Vandana-ShivaA ecologista indiana Vandana Shiva proferiu sua conferência: "Democracia da Terra", no dia 25 de maio, durante o Fronteiras do Pensamento, no Salão de Atos da UFRGS. Antes da conferência, os participantes assistiram a uma apresentação de dança promovida pelo Studio Clio, parceiro do Fronteiras do Pensamento.

A ecologista compartilhou seu conhecimento e experiência com os participantes do evento ao trazer todo o seu conhecimento e experiência como ativista do movimento ecológico há mais de 40 anos. Vandana é reconhecida internacionalmente pela sua luta na década de 1970, junto ao Movimento das Mulheres de Chipko, um grupo que se amarrou em árvores para impedir o seu corte e a criação de um depósito de lixo atômico.
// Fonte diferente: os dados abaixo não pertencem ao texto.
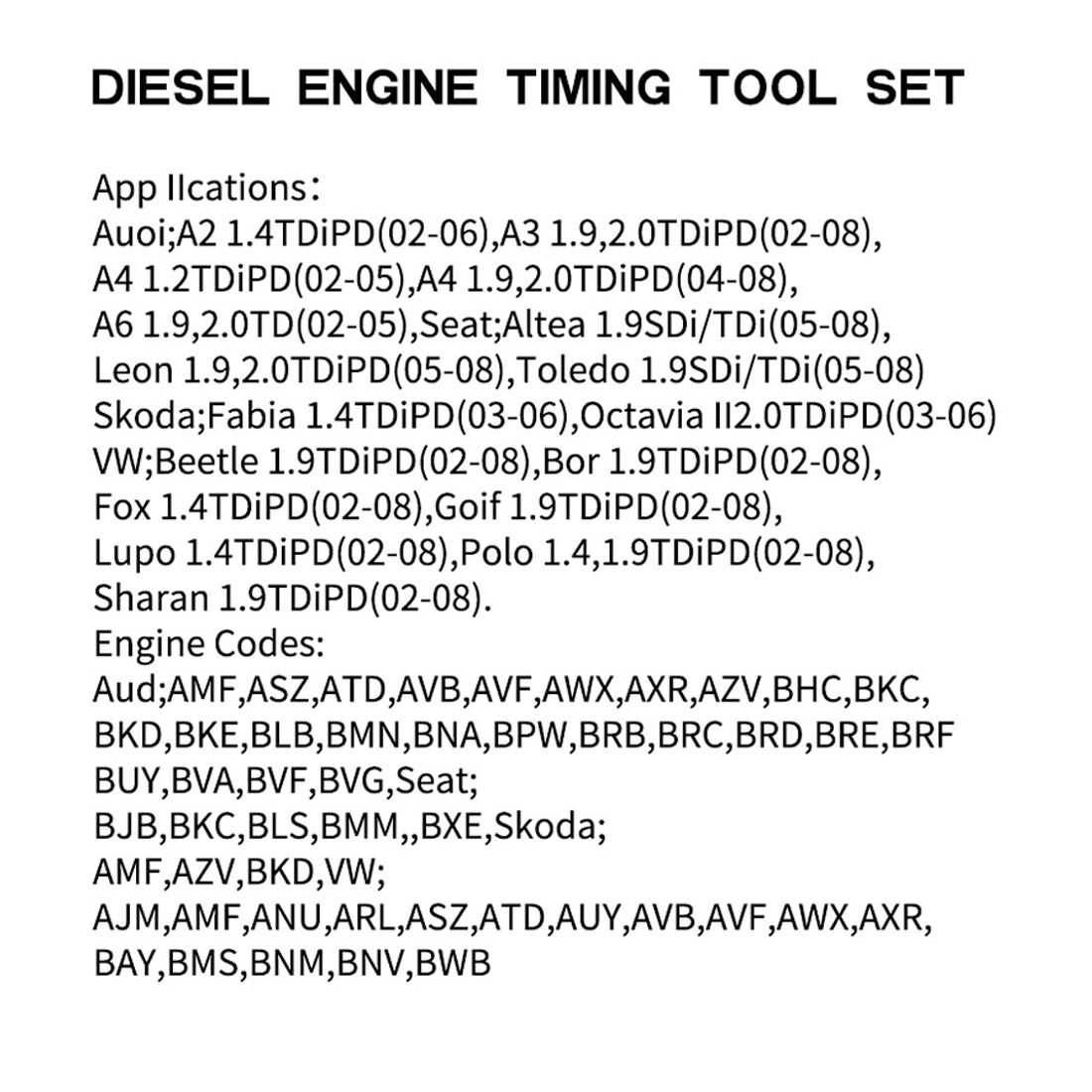 Crank Cam Timing Belt Tool Kit For VW 1.2 1.4 1.9 2.0 TDi  Engine UK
Ganhadora do Right Livelihood Award em 1993, que é considerado o Prêmio Nobel Alternativo, por sua incansável luta pelos direitos da Natureza, a palestrante, em sua conferência, abordou temas profundos, deixando explícito que necessitamos de uma nova democracia que respeite os direitos da Natureza: uma democracia da Terra.

Em sua juventude, acompanhou o Apartheid, regime de segregação racial da África do Sul, no qual os negros tiveram seus direitos civis restringidos. Para a ecofeminista, esse tipo de separação encontra-se na mente, tendo ela percebido que hoje vivemos um ecoapartheid, em que a 'humanidade se sente separada da natureza'.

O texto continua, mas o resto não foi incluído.